ASSIGNED TASK - Give the data below again exactly, and drop each picture from it.
*** Opening INFORMATION SUPPLIED ***
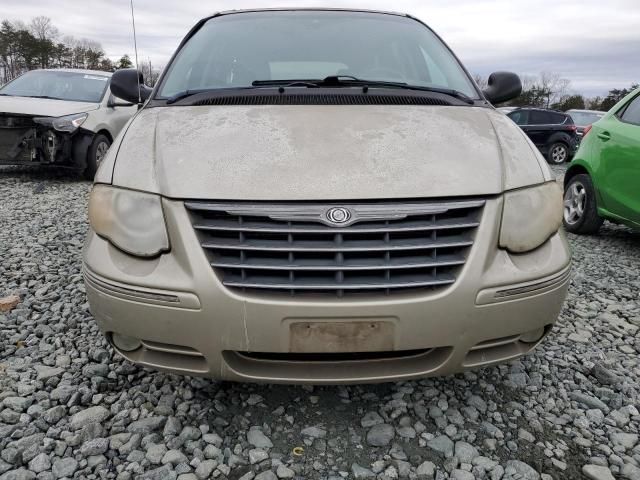 2005 Chrysler Town & Country Limited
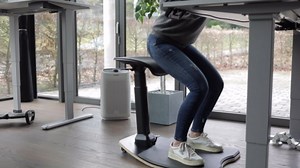 Kunden schätzen den Ergolutions Primus: Ihre Erfahrungen bestätigen den Nutzen eines höhenverstellbaren Schreibtisches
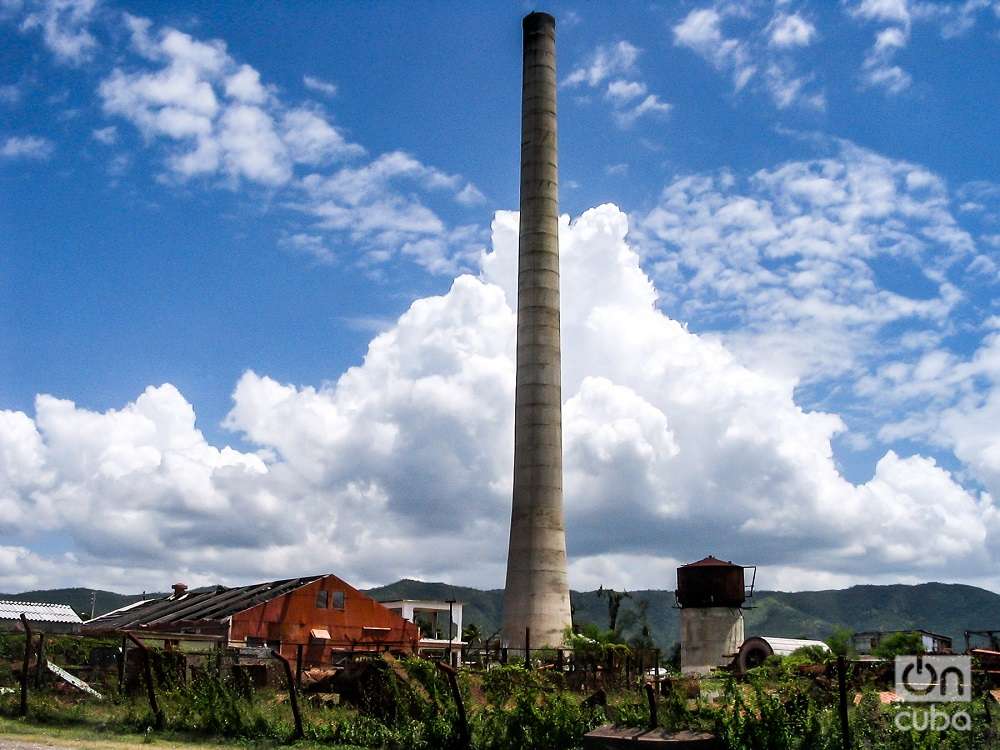 Antiguo central Luis Enrique Carracedo, Pilón (Granma), uno de los colosos desmantelados durante la reestructuración de la industria azucarera en los 2000. Foto: Kaloian.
*** Closing INFORMATION SUPPLIED ***
WRITTEN ANSWER -
 2005 Chrysler Town & Country Limited
 Kunden schätzen den Ergolutions Primus: Ihre Erfahrungen bestätigen den Nutzen eines höhenverstellbaren Schreibtisches
 Antiguo central Luis Enrique Carracedo, Pilón (Granma), uno de los colosos desmantelados durante la reestructuración de la industria azucarera en los 2000. Foto: Kaloian.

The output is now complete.